▶ _Directions for this task_: Copy out the listing in full, exactly as written, but not its pictures.

▶ _Source data_:
------

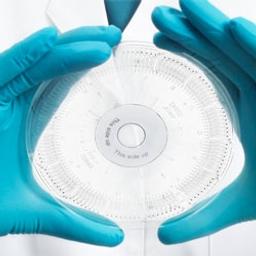 Gyrolab® Bioaffy™ 200 - Gyros Protein Technologies - Life Sciences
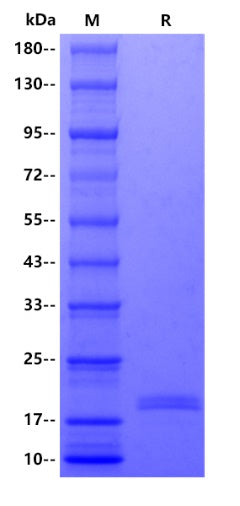 Human CD40 Ligand/TNFSF5 protein, His tag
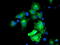 Monoglyceride Lipase antibody, TA503068, Origene, Immunofluorescence image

------

▶ _Task answer_:
 Gyrolab® Bioaffy™ 200 - Gyros Protein Technologies - Life Sciences
 Human CD40 Ligand/TNFSF5 protein, His tag
 Monoglyceride Lipase antibody, TA503068, Origene, Immunofluorescence image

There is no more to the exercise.